RECORDED DATA Block Start

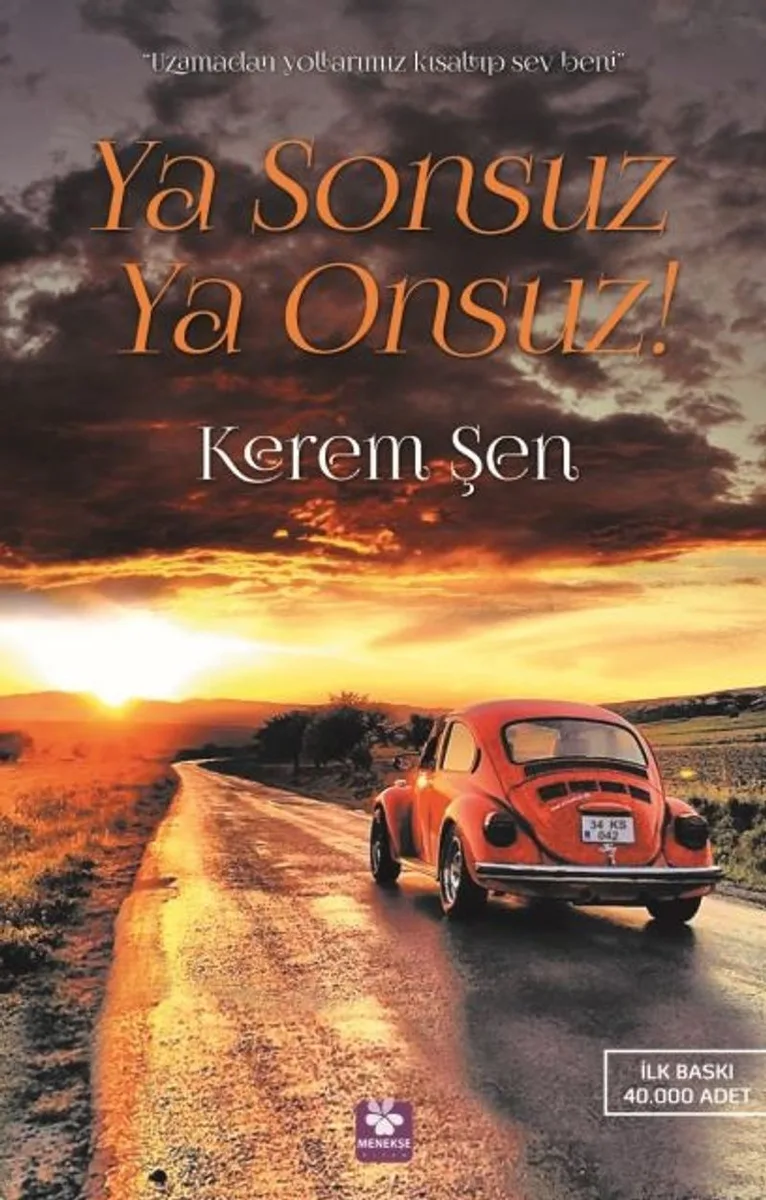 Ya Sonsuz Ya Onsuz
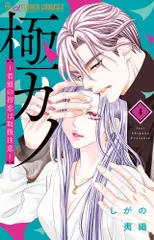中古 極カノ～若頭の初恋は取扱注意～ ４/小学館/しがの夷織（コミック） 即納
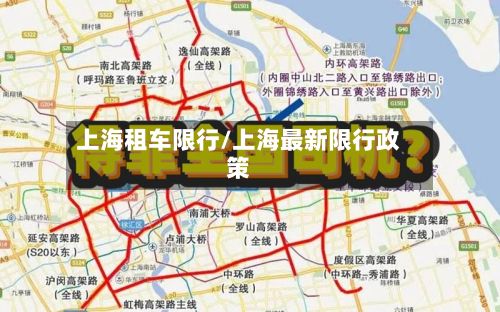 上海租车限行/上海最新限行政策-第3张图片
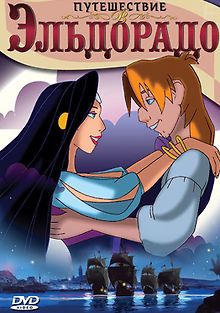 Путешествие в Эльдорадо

RECORDED DATA Block End

* [TASK BRIEF]: Skip every picture, and give the rest of the material above again exactly.

* [EXERCISE SOLUTION]:
 Ya Sonsuz Ya Onsuz
中古 極カノ～若頭の初恋は取扱注意～ ４/小学館/しがの夷織（コミック） 即納
 上海租车限行/上海最新限行政策-第3张图片
 Путешествие в Эльдорадо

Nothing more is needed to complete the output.